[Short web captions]
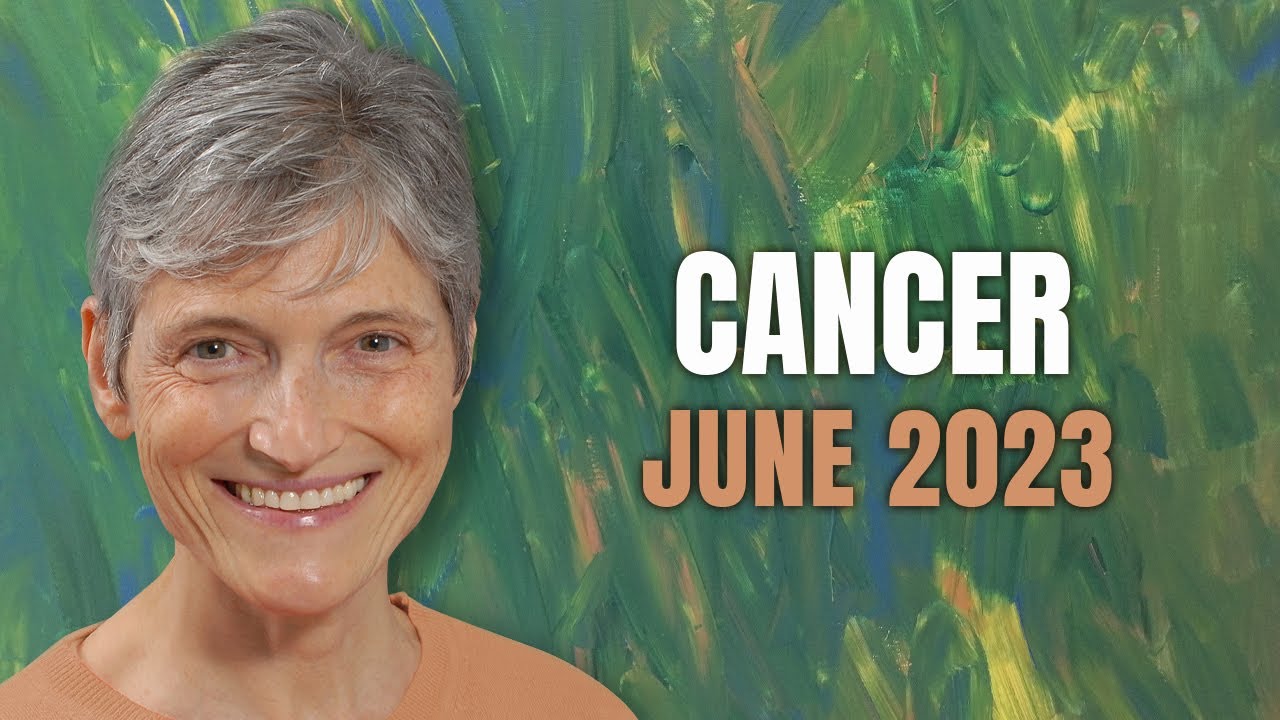 Cancer June 2023 – Your Wonderful Birthday Forecast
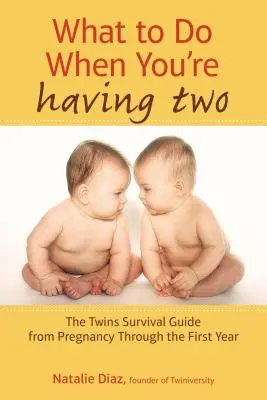 Que faire quand on a deux enfants : le guide de survie des jumeaux, de la grossesse à la première année - What to Do When You're Having Two: The Twins Survival Guide from Pregnancy Through the First Year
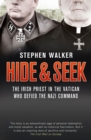 Image for Hide &amp; seek: the Irish priest in the Vatican who defied the Nazi command : a dramatic true story of rivalry and survival during WWII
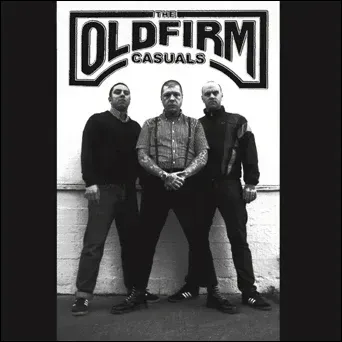 THE OLDFIRM CASUALS- s/t THE OLDFIRM CASUALS- s/t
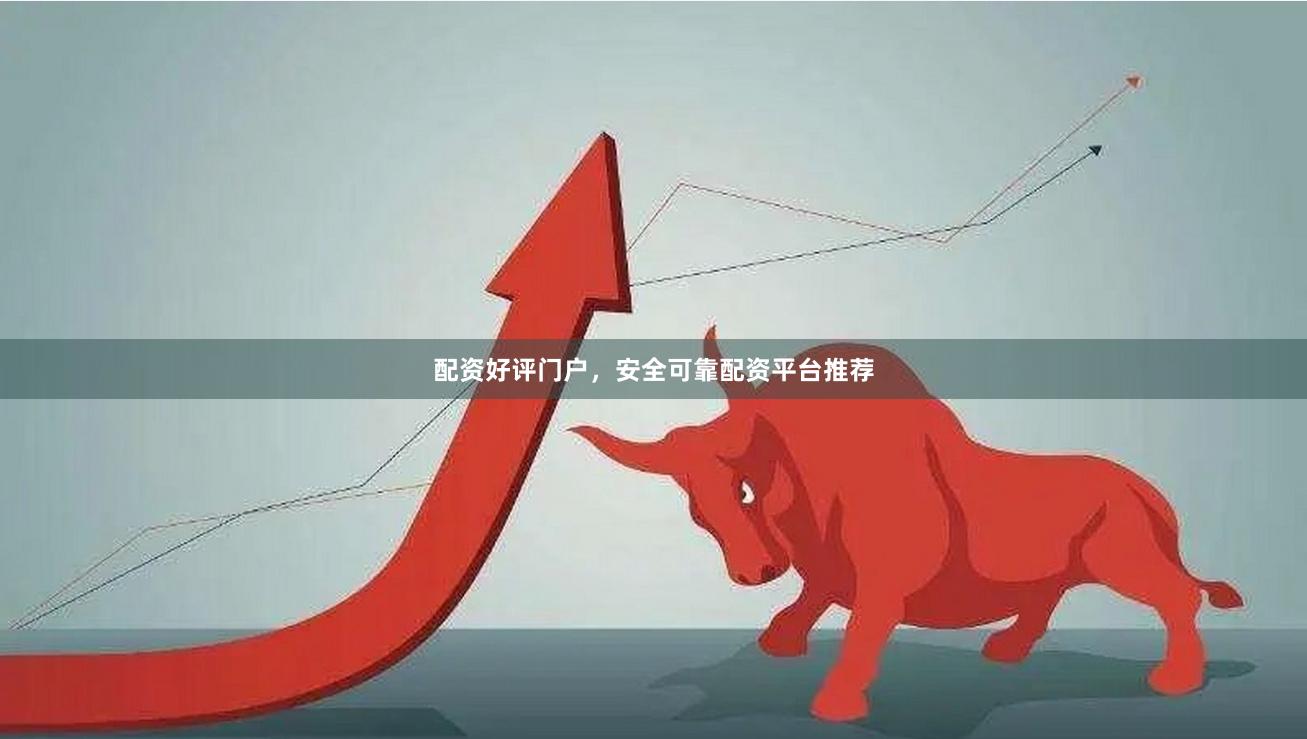 配资好评门户，安全可靠配资平台推荐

[INSTRUCTIONS FOR THE TASK]
All lines from the one holding "Image for Hide" through the last line of the entries, and nothing else, are to be output exactly; leave out the pictures.

[RESULT BELOW]
 Image for Hide &amp; seek: the Irish priest in the Vatican who defied the Nazi command : a dramatic true story of rivalry and survival during WWII
 THE OLDFIRM CASUALS- s/t THE OLDFIRM CASUALS- s/t
 配资好评门户，安全可靠配资平台推荐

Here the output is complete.